Most R users would sometimes install or update R packages and hence are
impacted by how long this takes.  The parts of package installation that
take potentially longest have already been addressed by support for binary
packages and parallel installation.  A remaining overhead that may be rather
surprising, but is easy to reduce, is package download.

The overhead may be noticeable when installing many mostly small packages in
parallel, because so far the package download has been sequential even with
parallel installation.  This post reports on recent work in R-devel, the
development version of R (to become R 4.5.0), on improving the support for
simultaneous download.  As any work in the development version of R, this
should be regarded as experimental and may be updated or changed before
release.

The text includes technical details.  The short story for R users not
necessarily interested in those is that R 4.5 will probably download
packages for installation several times faster than R 4.4.  In certain
specific situations, hopefully rare, users might have to increase the
internet timeout (see `?download.file`, look for `timeout`), which applies
to downloading individual files.  For best performance of their users,
maintainers of package repository mirrors might consider enabling `HTTP 2`. 
With `HTTP 1.1`, they might experience more concurrent connections than with
previous versions of R.  In either case, they would experience more
concurrent transfers to the same client.

# Rsync

Some, very small, group of R users would often download and install all or
almost all packages from a repository, typically CRAN or Bioconductor, for R
or R package testing.  The work presented here doesn't impact such use.  For
such use, the best practice is to have a local mirror of each package and
install packages as files from the mirror (one would use `rsync` to create
and update the mirror).  This will save network traffic and resources on the
repository servers.  The improved download in R presented here wasn't meant
to compete with `rsync`.

# Progress bar

In already released versions of R (R 4.4 and older), a simple way to speed
up downloads of very many small files is to disable the progress bar by
passing `quiet=TRUE` to `download.packages()` or `install.packages()`.  The
progress bar is only displayed when downloading a single file, but even when
installing several packages at once, they are downloaded sequentially. 
Disabling the progress bar helps particularly on Windows.

# Simultaneous download

R has support for simultaneous download since version 3.2.0 (so for over 9
years, see `?download.file`) using download method `libcurl`: with the
download method explicitly specified to `download.file`, one can provide a
vector of URLs to download from and a vector of destination file names.

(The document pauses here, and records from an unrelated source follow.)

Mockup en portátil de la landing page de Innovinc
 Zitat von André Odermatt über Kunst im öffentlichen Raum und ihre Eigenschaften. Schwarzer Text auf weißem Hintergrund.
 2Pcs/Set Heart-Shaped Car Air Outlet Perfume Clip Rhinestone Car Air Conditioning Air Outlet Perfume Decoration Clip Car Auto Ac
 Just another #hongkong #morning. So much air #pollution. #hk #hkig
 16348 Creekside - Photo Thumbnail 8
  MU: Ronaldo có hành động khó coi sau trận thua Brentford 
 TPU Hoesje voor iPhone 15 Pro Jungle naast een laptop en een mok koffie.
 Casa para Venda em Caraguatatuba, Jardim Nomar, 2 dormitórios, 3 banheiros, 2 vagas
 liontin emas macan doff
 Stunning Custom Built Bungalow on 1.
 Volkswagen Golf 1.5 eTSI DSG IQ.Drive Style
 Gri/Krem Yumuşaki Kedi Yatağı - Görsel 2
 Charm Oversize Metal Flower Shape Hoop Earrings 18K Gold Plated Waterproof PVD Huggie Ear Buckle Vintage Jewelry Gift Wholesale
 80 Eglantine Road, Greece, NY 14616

At the low level, the implementation creates a single curl "multi-handle"
for the whole operation and a curl "easy-handle" for each URL.  Transfers
would be initiated and performed concurrently in a single thread (R main
thread).  This offers a substantial speedup.  The key is that R doesn't have
to wait for the transfer of each file individually to be set up, but while
setting it up, it can keep setting up other transfers and downloading.

# Package download and installation

The simultaneous download, however, hasn't been used by
`download.packages()` and `install.packages()`, so couldn't be easily used
to speed up package downloading.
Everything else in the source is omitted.